Lonnie Melvin Tillis (August 8, 1932 – November 19, 2017) was an American country music singer and songwriter. He penned more than 1,000 songs and recorded more than 60 albums in a career that spanned six decades. Many of those songs were recorded by other country music stars such as Kenny Rogers, George Strait and Ricky Skaggs.

Although he recorded songs since the late 1950s, his commercial peak came in the 1970s when he had a string of top 10 hits, including “Good Woman Blues,” “Heart Healer” and “Coca Cola Cowboy.”

Before making his way to Nashville, Tennessee, the singer/songwriter briefly attended the University of Florida. He joined the US Air Force to serve in the Korean War and was stationed in Okinawa, where he spent his time cooking and singing on Armed Forces Radio.

Born in Tampa, Florida, he suffered a spell of malaria as a boy that left him with a chronic stutter, according to the Country Music Hall of Fame.
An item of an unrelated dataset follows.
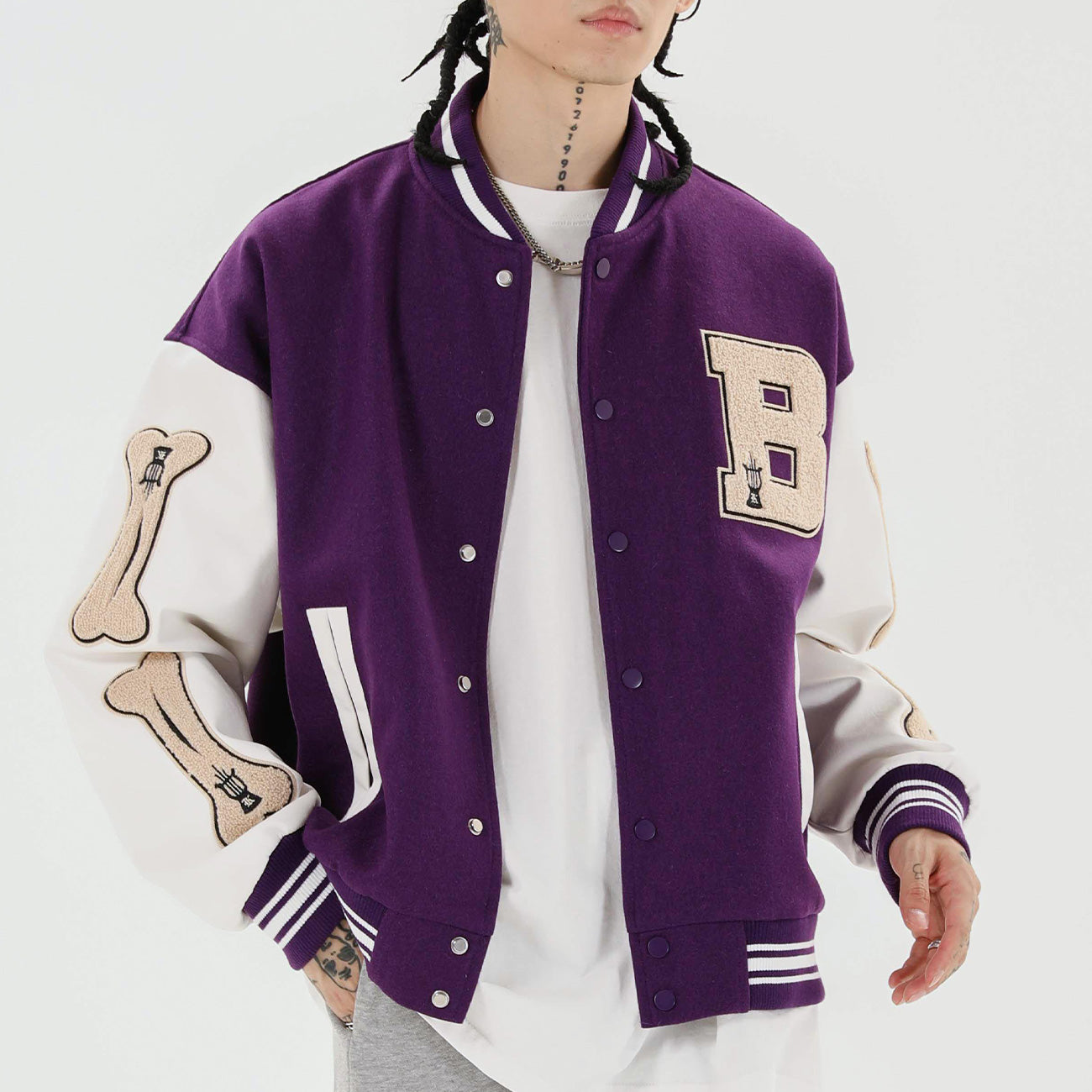 TKPA 2020 Men's Retro Color Block Baseball Jacket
His stutter became a trademark that Tillis mined for laughs, although it disappeared when he sang.

In an interview with People Magazine in 1976, Tillis said performing helped him overcome his stutter. “The more I go onstage,” he said, “and feel my independence and that power over audiences, the less I stutter.”  In 1998, he became spokesman and honorary chairman of the Stuttering Foundation of America.

Tillis also had something of an acting career, with small roles in a number of films such as “The
Cannonball Run” and “Smokey and the Bandit II.” He also made a TV appearance in an episode of “The Dukes of Hazzard” in the late ’70s.

In 2007, he was inducted into the Country Music Hall of Fame.